No pictures should appear in the copy. Reproduce exactly the lines from the one containing "4 Photograph of" through the end of the material below.
START SUPPLIED DATA
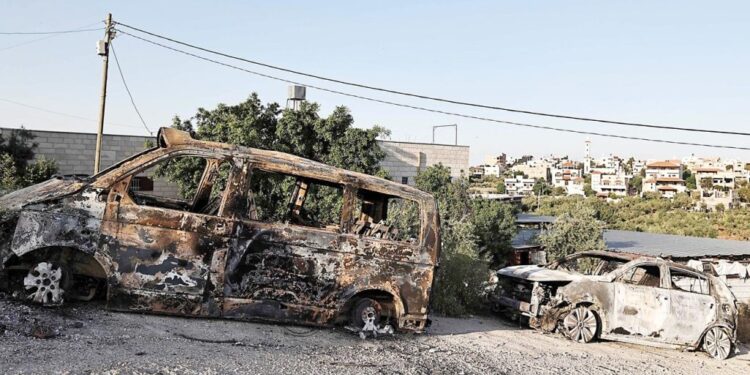 مقبوضہ مغربی کنارہ: صیہونی آبادکاروں کے فلسطینیوں پر حملے،متعدد گاڑیاں تباہ، نوجوان زخمی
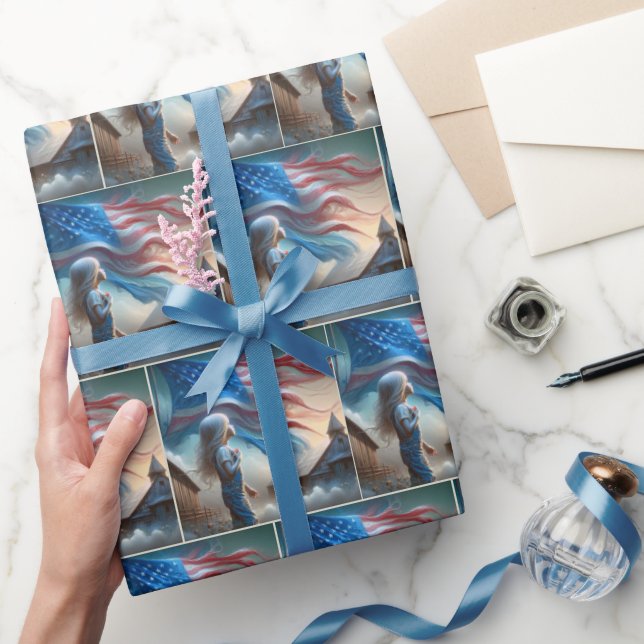 Kleines Mädchen mit amerikanischer Flagge Geschenkpapier (Schenken)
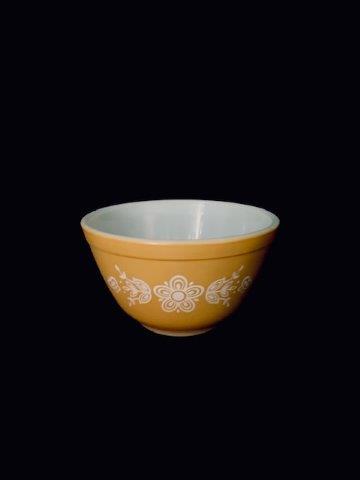 Vintage Pyrex 401 Butterfly Gold Mixing bowl: Iconic Pyrex butterfly gold mixing bowl #401. Measuring 3.25inches tall and 6inches in diameter, shows signs of use. Great everyday use kitchen piece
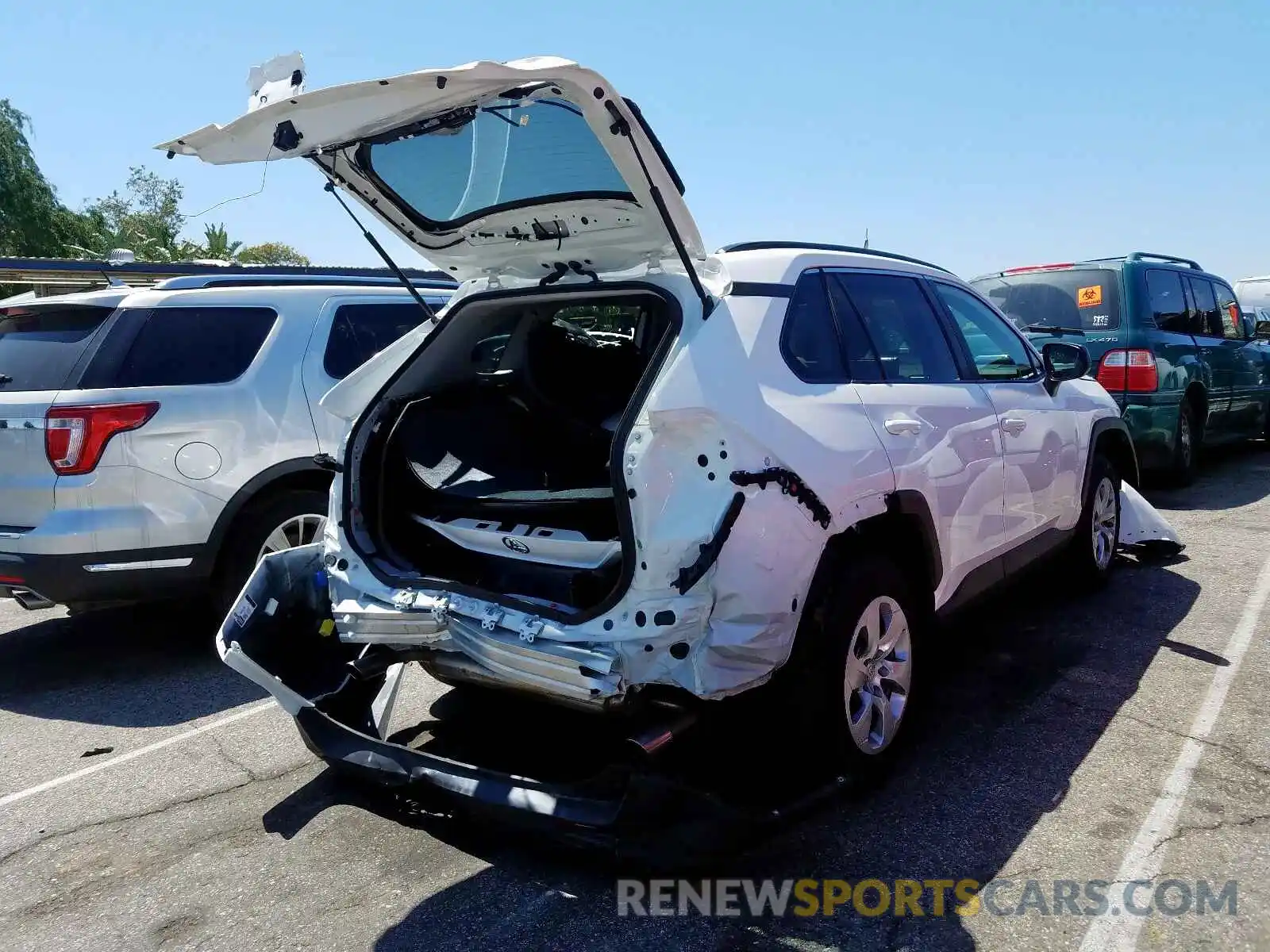 4 Photograph of a damaged car 2T3H1RFV5KC031199 TOYOTA RAV4 2019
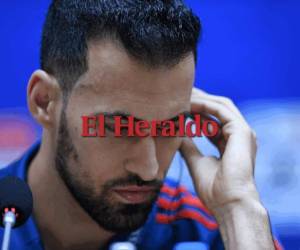 El centrocampista español Sergio Busquets da una conferencia de prensa en el Estadio Mirniy en Kaliningrado la víspera de su partido de fútbol del Grupo B de la Copa Mundial 2018 contra Marruecos.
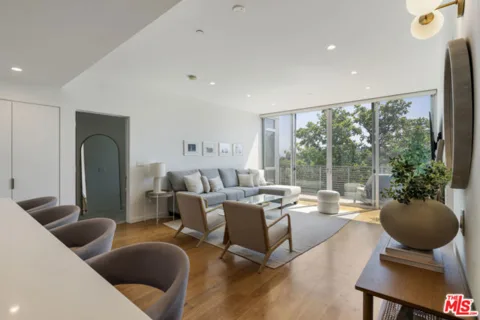 12504 Woodbridge Street #402 listing photo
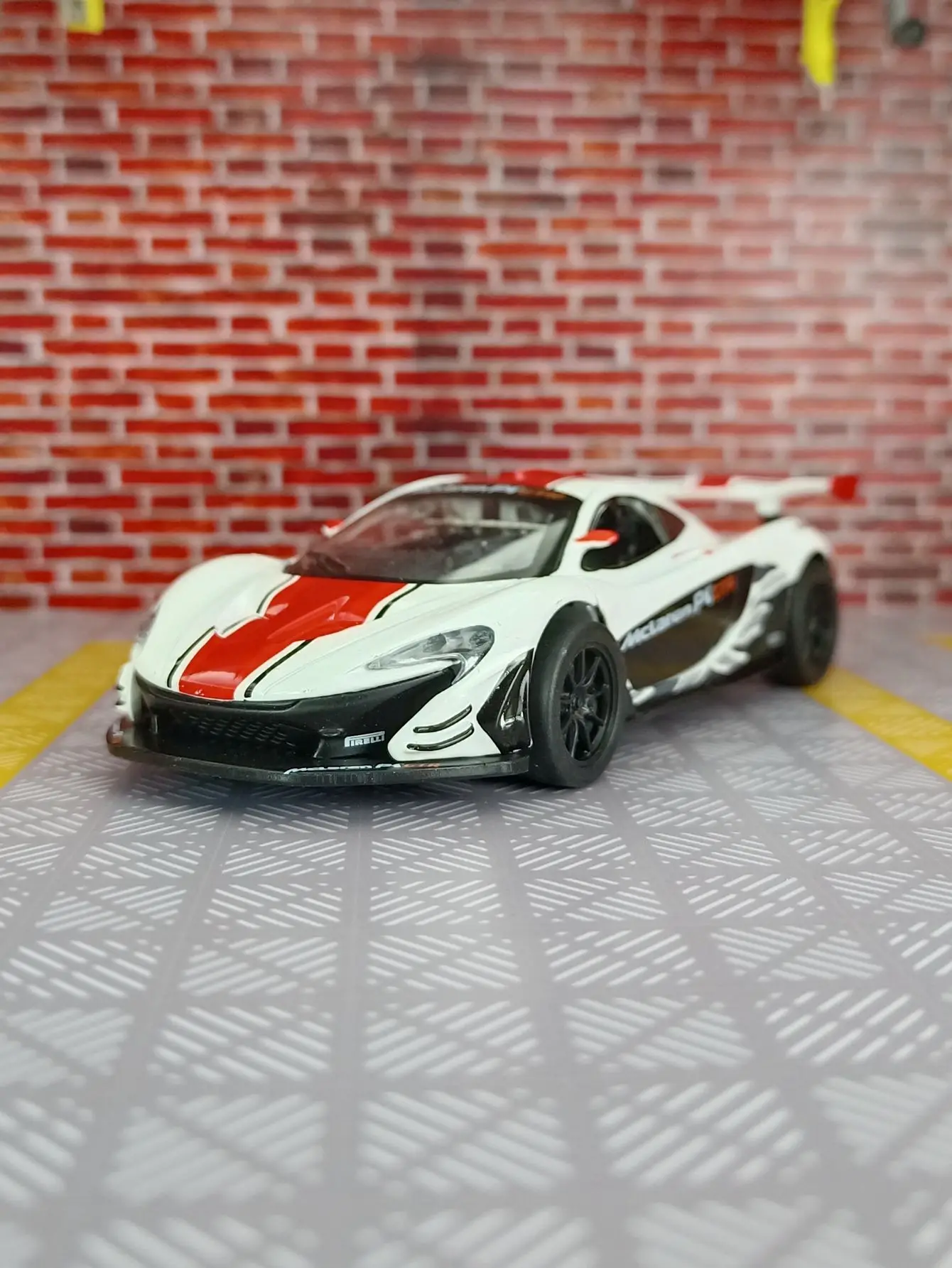 

1:31 McLaren P1 track version alloy car model 2 doors can open children's toy cars fine workmanship and good quality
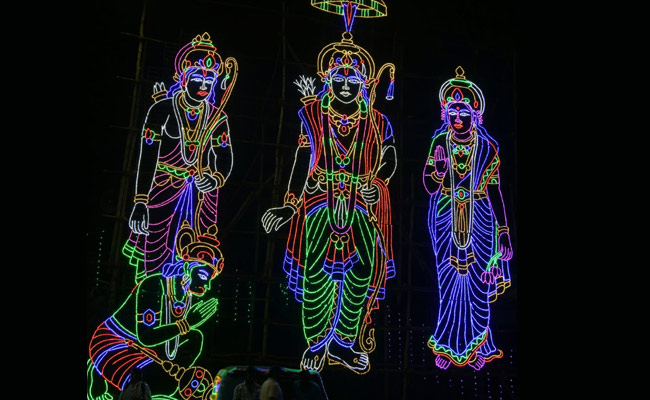 Tirumala_20Temple_20Lighting_20for_20Brahmotsavams_202023_20Photos_10.jpg 9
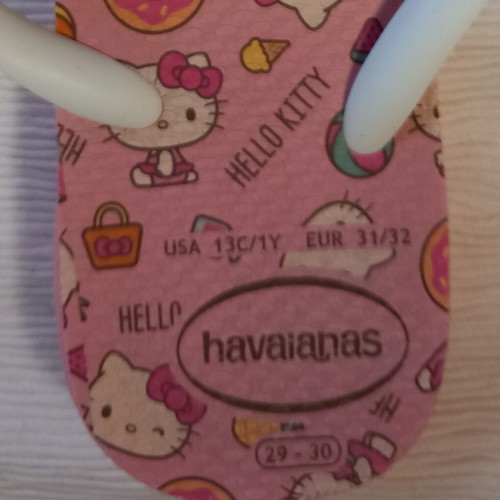 Havaianas Hello Kitty flip flops used size 29-30 pink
END SUPPLIED DATA
• _OUTPUT BELOW_
 4 Photograph of a damaged car 2T3H1RFV5KC031199 TOYOTA RAV4 2019
 El centrocampista español Sergio Busquets da una conferencia de prensa en el Estadio Mirniy en Kaliningrado la víspera de su partido de fútbol del Grupo B de la Copa Mundial 2018 contra Marruecos.
 12504 Woodbridge Street #402 listing photo

1:31 McLaren P1 track version alloy car model 2 doors can open children's toy cars fine workmanship and good quality
 Tirumala_20Temple_20Lighting_20for_20Brahmotsavams_202023_20Photos_10.jpg 9
 Havaianas Hello Kitty flip flops used size 29-30 pink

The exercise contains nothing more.